Skobelzyn studied at the University of Saint Petersburg until 1915 , then worked at various educational institutions and worked from 1925 to 1939 at the Leningrad Physical and Technical Institute , later the Joffe Institute. In 1924 he began experimental investigations into the Compton effect with the Wilson cloud chamber . His results confirmed the validity of the Klein Nishina formula . In further experiments with the cloud chamber in 1927, he succeeded for the first time in detecting secondary particles of cosmic radiation, i.e. the traces of particle showers . He presented the results at a conference in London in 1928. In 1929 he was able to detect electrons on further cloud chamber recordings of particle tracks from cosmic radiation. With his discoveries, Skobelzyn became a pioneer of a special branch of experimental high-energy physics , the physics of cosmic rays. From 1929 to 1931 he worked at the invitation of Marie Curie as a visiting scholar at the Sorbonne in Paris. From 1935 onwards, at the suggestion of SI Wawilow, he worked temporarily at the Lebedev Institute of the Academy of Sciences of the USSR in Moscow, where he supervised a group of younger scientists. At the end of the 1930s, he then switched completely to the Lebedev Institute, where he became department head. In 1936 he published a monograph on cosmic rays. His research in the 1930s and 1940s focused on a deeper understanding of the mechanisms of formation of secondary cosmic rays. In 1940 he founded a chair for nuclear physics at the Faculty of Physics at Lomonosov University in Moscow . After the end of the Second World War he became the founding director of the Institute for Nuclear Physics at this university, whose director he was until 1960. After SI Wawilow's death in 1951, he also became director of the Lebedev Institute. He held this position until 1973.

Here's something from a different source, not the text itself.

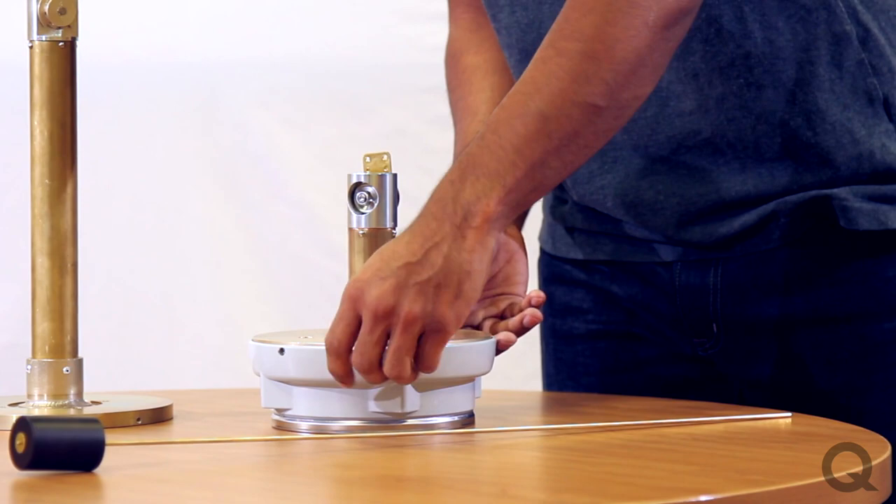If you have any questions or need any assistance filling your configuration form, feel free to contact an applications engineer by emailing us at info@qualytrol.com.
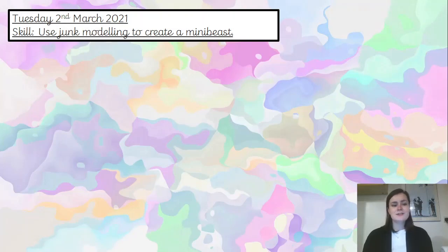Hi you two, welcome to today's art lesson. I would like you to start off by writing the date and skill into your book please. The date is Tuesday the 2nd of March 2021 and your skill is: use junk modelling to create a mini beast. Pause the video and have a go at that now please.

Skobelzyn received numerous awards and honors. In 1951 he received the Stalin Prize and in 1982 the Lenin Prize. In 1952 he was honored with the S. I. Wawilow gold medal of the Academy of Sciences of the USSR. In 1939 he became a corresponding and in 1946 a full member of the Academy of Sciences. In 1957 he was accepted as a corresponding member of the Académie des sciences . He campaigned for the peaceful use of nuclear energy and has participated in the Pugwash Conferences on Science and World Affairs several times since 1957 . He was a deputy of the Supreme Soviet of the USSR .

honors and awards

Skobelzyn received the following awards:

Since 2009, the Russian Academy of Sciences has awarded the Skobelzyn Gold Medal for outstanding achievements in the field of elementary particle physics and cosmic rays.

literature

  • G. Zatsepin, G. Khristiansen: Dmitri V. Skobeltsyn . In: Physics Today . tape 45 , no. 5 , 1992, pp. 74-76 , doi : 10.1063 / 1.2809673 .
  • GA Bazilevskaya: Skobeltsyn and the early years of cosmic particle physics in the Soviet Union . In: Astroparticle Physics . tape 53 , January, 2014, pp. 61–66 , doi : 10.1016 / j.astropartphys.2013.05.007 .

Web links

Individual evidence

  1. D. Skobelzyn: About a new kind of very fast β-rays . In: Journal of Physics . tape 54 , no. 9-10 , 1929, pp. 686-702 .
  2. Academy members since 1724: Skobelzyn, Dmitry Vladimirovich. Russian Academy of Sciences, accessed May 31, 2018 (Russian).
  3. Dmitri Skobelzyn on the WarHeroes page. Retrieved October 12, 2018 (Russian).
  4. D. W. Skobelzyn Gold Medal. Russian Academy of Sciences, accessed May 31, 2018 (Russian).